2017年の「スラバヤ沖海戦71周年」の記念行事準備のため、2002年と2006年にそれぞれ民間人ダイバーが発見、確認した同海域の海底約50メートルに眠る7隻の連合国軍艦艇のその後の様子を確認するために、このほど国際合同チームのダイバーたちが改めて潜ったところ驚くべき事実が判明した。
沈没して海底に横たわっていたはずのオランダ海軍の軍艦3隻、英国海軍の軍艦3隻、さらに2006年発見の米海軍潜水艦の計7隻のうち、潜水艦を含む5隻の船体が消えてなくなり、残る2隻もその大半が消失していたのだ。実際に潜ったダイバーたちによると、沈没した海底には何かを引きずったような形跡が残されていたという。
「沈没艦艇は戦死者の墓標」
スラバヤ沖海戦ではオランダ海軍の軽巡洋艦「デ・ロイテル」「ジャワ」、駆逐艦「コルテノール」、英海軍の重巡洋艦「エクセター」、駆逐艦「エレクトラ」「ジュピター」「エンカウンター」、米海軍駆逐艦「ポープ」、潜水艦「パーチ」の計9隻が日本軍の攻撃で沈没した。

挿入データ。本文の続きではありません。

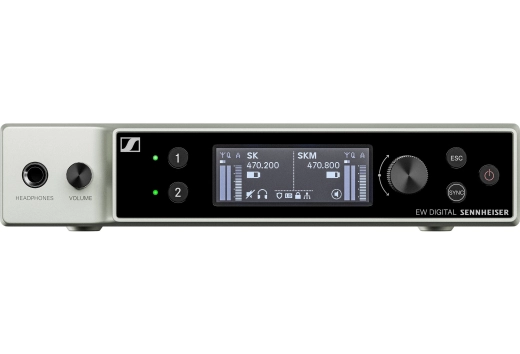 EW-DX EM 2 Evolution Wireless Digital 2 Channel Rack Receiver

このうち「ジュピター」と「ポーチ」を除く7隻の沈没した船体が海底で確認されていたが、今回の合同調査チームダイバーの潜水調査で「エクセター」「デ・ロイヤル」「ジャワ」「エンカウンター」「パーチ」の5隻の船体がほぼ完全に海底から消え、「コルテノール」と「エレクトラ」は船体の大半が失われていたという。
連合国軍の記録などによると7隻の沈没艦艇は計2200人の海軍軍人の遺骨と共に海底に眠っているはずで、その遺骨の行方も船体とともに不明となっているという。